Start here: https://xisra.com/tools — sidebar lists everything; you can collapse it if you want more room.
JSON Editor
https://xisra.com/tools/json-editor
- What it does: Edit JSON as text, poke around in a tree-style workspace, and see when the document is invalid before you waste a deploy.
- How I use it: Paste an API response or config, format it, trim fields, copy the result. Save named snippets (with tags) when I know I’ll need the same shape again — drafts stick around in the browser after refresh.
- Common uses: Debugging payloads, cleaning up fixtures, comparing structures, keeping a scratch JSON pad that doesn’t live in a repo.
Converter
Two views under the same tool:
Encode / decode
https://xisra.com/tools/converter
- What it does: Switch between Base64 and URL encoding. Encode or decode what’s in the main text area, copy the result, and optionally drop an image file (or drag it in) to turn it into a Base64 data URL for emails, inline HTML, or quick tests.
- How I use it: Flip mode in the header, run encode/decode, copy. If I pasted a
data:...;base64,...URL, decode still behaves sensibly for the payload part. - Common uses: Query strings, safe text for transports, embedding tiny images, unpacking something a log or error message dumped as Base64.
Chunk encode / decode
https://xisra.com/tools/converter/chunks
- What it does: Split a large file into downloadable part 1 of N slices (text files get split on UTF-8 boundaries so you don’t tear multibyte characters; binary is split by raw size). Or load many parts at once and merge them back, with optional preview when the merged bytes look like an image.
- How I use it: Pick a chunk size (slider), split, download the parts; on the other side, select all part files, merge, download the restored file.
- Common uses: Getting under upload limits, sharing a blob through channels that cap attachment size, sanity-checking that chunked uploads/downloads reassemble cleanly.
Random Keys
All categories on one page
https://xisra.com/tools/randomkeys
- What it does: Generates batches of memorable word-style strings, strong / Fort Knox passwords, alphanumeric strings, UUIDs, and API-key-shaped strings.

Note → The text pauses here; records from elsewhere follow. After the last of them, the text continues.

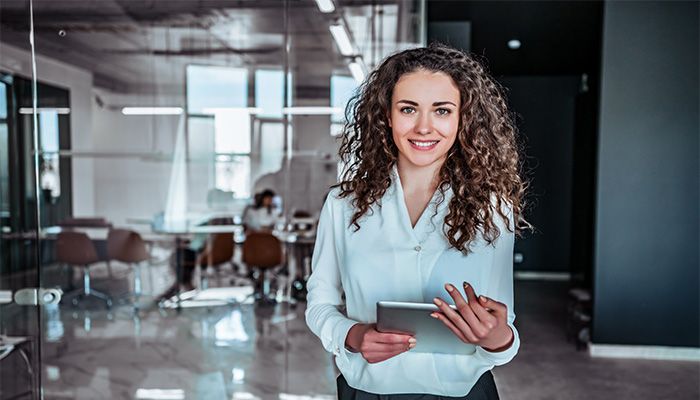 Eine Führungskraft ist im Büro mit einem Tablet in der Hand.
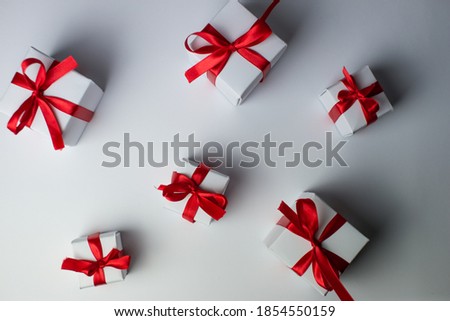 White gifts with red ribbons flat lay. Set of gift box isolated on white background.Christmas gift boxes. Merry Christmas and Happy Holidays greeting card, frame, banner. Panorama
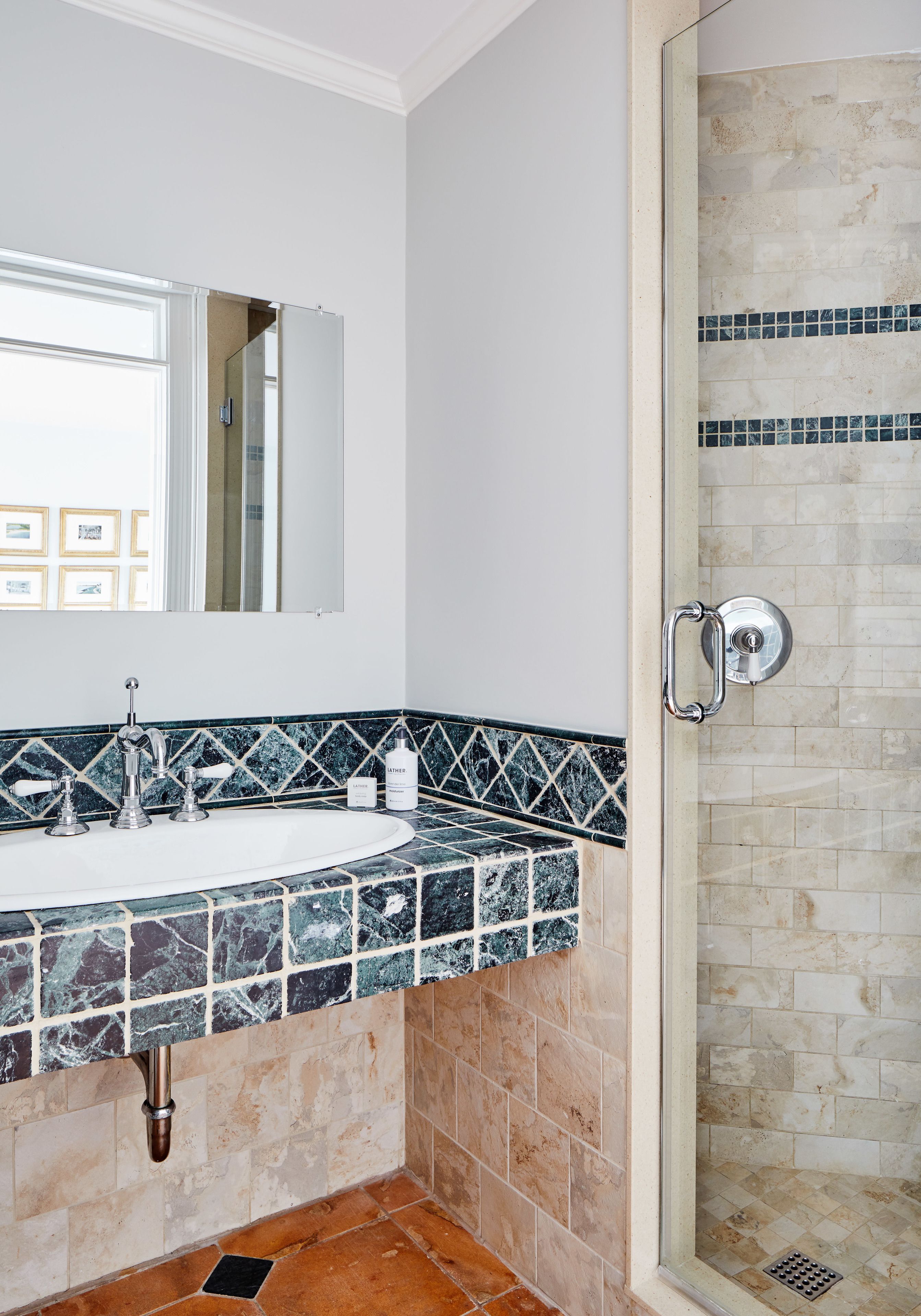 A bathroom with a sink, mirror, and shower area.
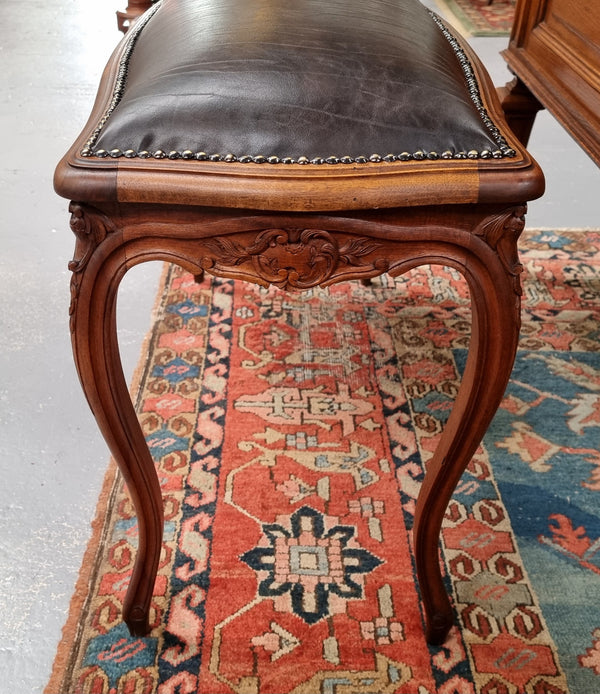 Impressive French Louis 15th style walnut upholstered duet leather stool. Very Good Condition.  Circa: 1930’s, sourced in France.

Click a row to copy, or copy a whole category. Regenerate spins a fresh set; with focus outside any field, R triggers regenerate too.
- How I use it: Open once, copy what I need, close the tab.
- Common uses: Local dev secrets, test users, IDs for fixtures, placeholder keys in docs (never production secrets you care about unless you know what you’re doing).
Password generator
https://xisra.com/tools/randomkeys/password
- What it does: Focused password UI with length and character-class toggles, plus optional checks against known breached passwords (so you get a nudge if you picked something that’s shown up in public dumps).
- Common uses: Human-facing passwords, demo accounts, rotating a login you’re about to paste into a password manager.
JWT secret helper
https://xisra.com/tools/randomkeys/jwt-secret
- What it does: Generates a secret sized for signing JWTs, shows a ready-to-paste env-style line, and offers short usage snippets for a few languages so you’re not guessing import syntax at 1am.
- Common uses: New service bootstrap, rotating signing keys in dev/staging, copying the exact env var shape your stack expects.